AVAILABLE DATA below:

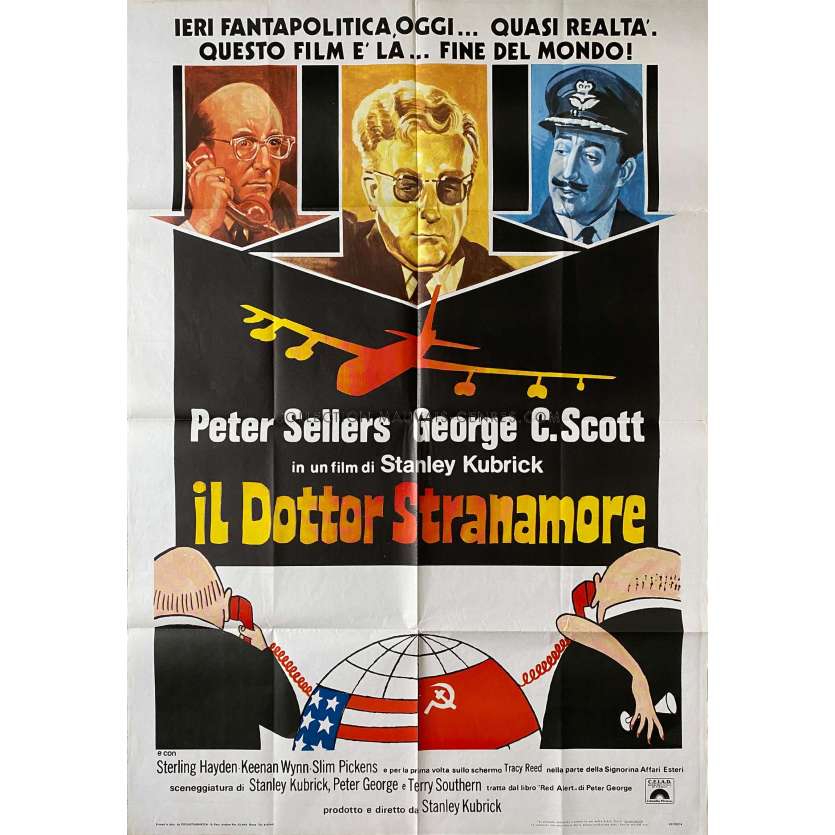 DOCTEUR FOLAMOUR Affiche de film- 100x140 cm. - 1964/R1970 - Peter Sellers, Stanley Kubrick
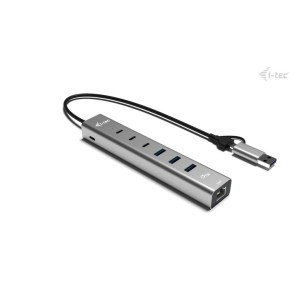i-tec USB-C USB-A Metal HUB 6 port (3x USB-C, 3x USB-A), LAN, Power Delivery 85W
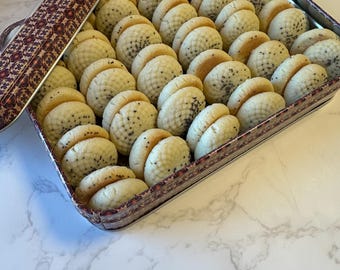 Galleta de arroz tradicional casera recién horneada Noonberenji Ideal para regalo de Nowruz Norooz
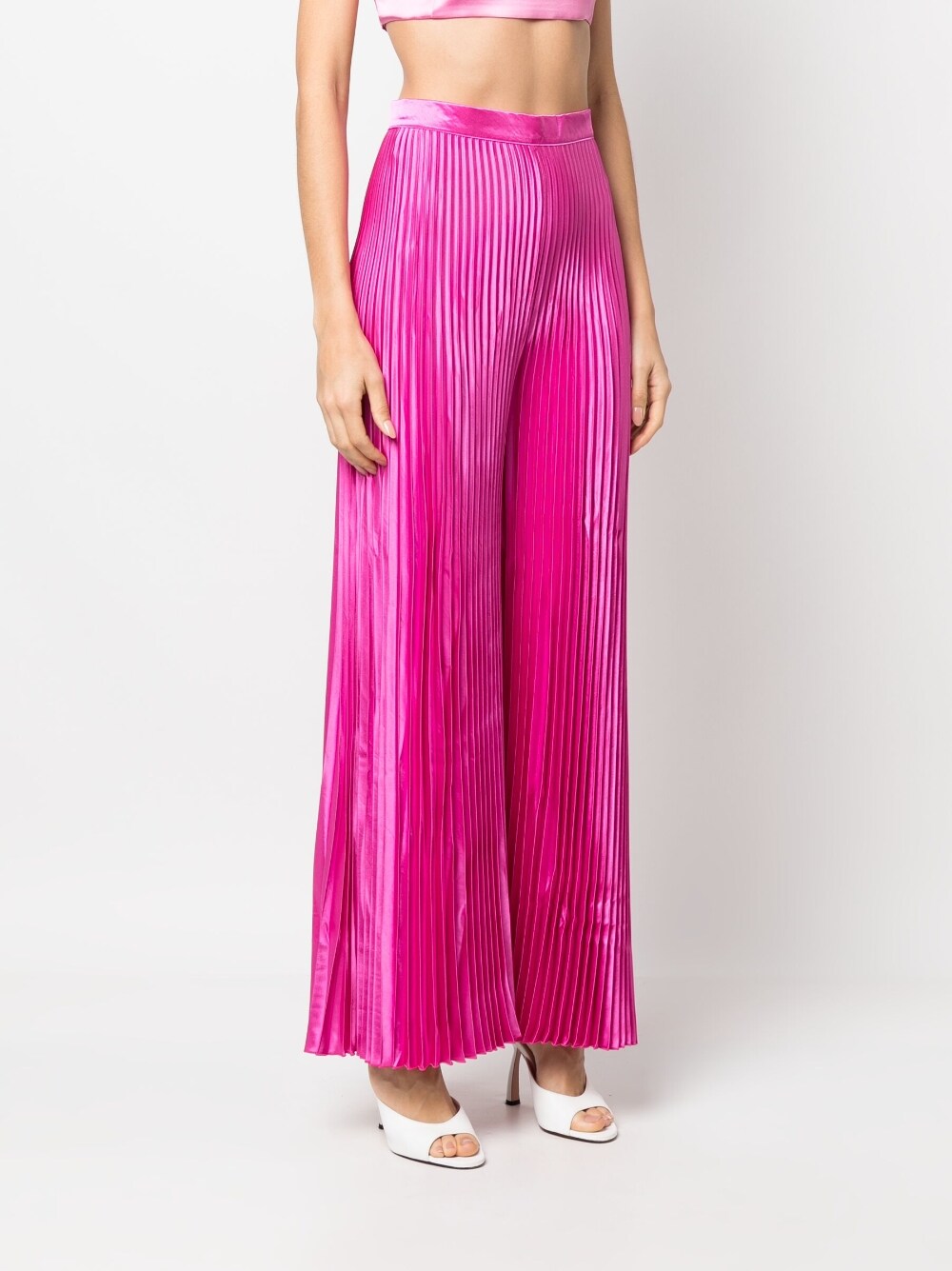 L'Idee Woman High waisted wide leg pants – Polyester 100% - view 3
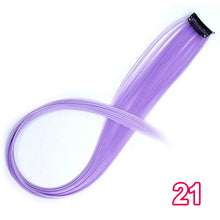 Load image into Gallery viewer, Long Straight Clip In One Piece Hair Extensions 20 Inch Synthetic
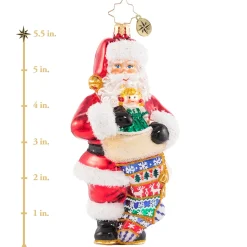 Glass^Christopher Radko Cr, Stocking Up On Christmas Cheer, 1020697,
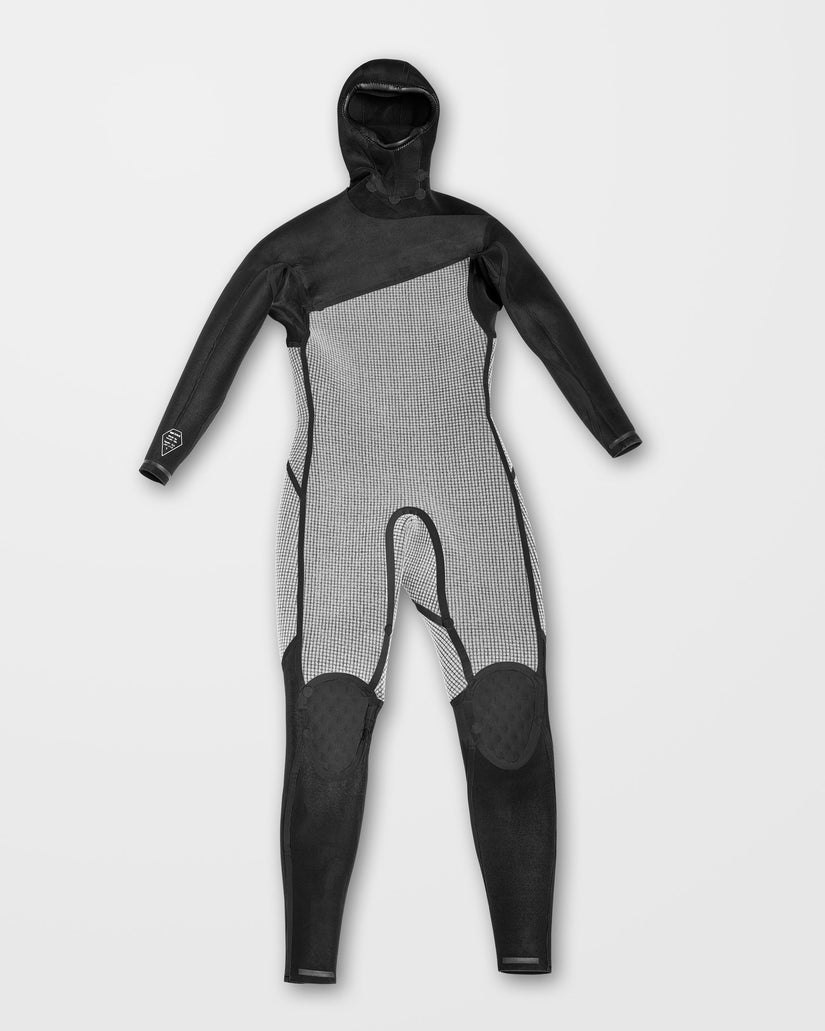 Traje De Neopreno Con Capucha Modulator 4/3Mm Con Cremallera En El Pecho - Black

End of AVAILABLE DATA.

TASK PROMPT
Repeat each entry exactly as given; no pictures belong in the copy.

RESULT BELOW
 DOCTEUR FOLAMOUR Affiche de film- 100x140 cm. - 1964/R1970 - Peter Sellers, Stanley Kubrick
i-tec USB-C USB-A Metal HUB 6 port (3x USB-C, 3x USB-A), LAN, Power Delivery 85W
 Galleta de arroz tradicional casera recién horneada Noonberenji Ideal para regalo de Nowruz Norooz
 L'Idee Woman High waisted wide leg pants – Polyester 100% - view 3
 Load image into Gallery viewer, Long Straight Clip In One Piece Hair Extensions 20 Inch Synthetic
 Glass^Christopher Radko Cr, Stocking Up On Christmas Cheer, 1020697,
 Traje De Neopreno Con Capucha Modulator 4/3Mm Con Cremallera En El Pecho - Black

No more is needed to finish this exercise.